This is part of a series of a year long journey through the book, “Franciscan Virtues Through the Year“. If you’d like more information on Old/Independent Catholicism, or would like more information on my denomination, or feel called to a vocation, click here!
It’s not a coincidence that the virtue of Eagerness should fall on the same week as the beginning of Lent.
And eagerness is definitely a quality that most gardeners need. It’s only the 14th of February but already I’m hauling out the seed catalogues and thinking about what I’m going to order this year, what I’m going to start indoors this year, and how I can do my planting inside in such a way that the seedlings won’t all croak.

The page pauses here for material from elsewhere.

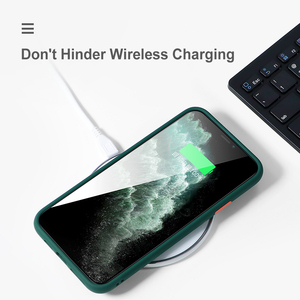 Ốp Lưng Điện Thoại Chất Lượng Cao Thời Trang Cho <span class=keywords><strong>Iphone</strong></span> 13 12 8 <span class=keywords><strong>7</strong></span> Plus, Vỏ Cứng Bằng Nhựa PC Mờ Màu Đen - Product Image 5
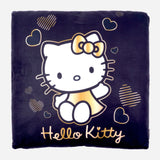 Hello Kitty Square Pillow Black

See, when we bought the house I figured that the east exposure in the kitchen would be good for starting seeds. And most plants do OK there–once I figured out that the vent under the table was drying things out very quickly, and baking what wasn’t getting watered. Last year I lost all my seedlings because I was too eager to start without really thinking things through.
Eagerness as a virtue is different from that impulse to dive into something and just not think about the repercussions. In my personal life, there’s an eagerness that is ever present to see my boyfriend, to spend time with him, to enjoy his company and allow our relationship to grow. It’s a desire to encounter Dan as a complete being, and watch as my own being is reflected back while I’m with him.
The same kind of experience happens when I enter into a prayer experience. When I’m
praying the office, or doing Centering Prayer, there’s a calm connection that happens that makes me eager to want to re-enter into those times. It’s a strange sort of thing really, a kind of intimate relationship with something so big that it’s hard to fully describe or understand.
Lent being what Lent is, a time of penance and connection, a time of ‘entering into the wilderness’ as Jesus did after His baptism, there is an eagerness to enjoy that feast of the spirit that engages when you fast. The challenge does come–its not simply eagerly choosing to do something and enter into that experience without issue. The challenge is to allow the eagerness of the entering-in to overcome the feelings of anxiety, of frustration.
Eagerness is ecstasy that has not fully blossomed; its a seed that needs nurturing, that contains the joy of knowing a flower will eventually blossom.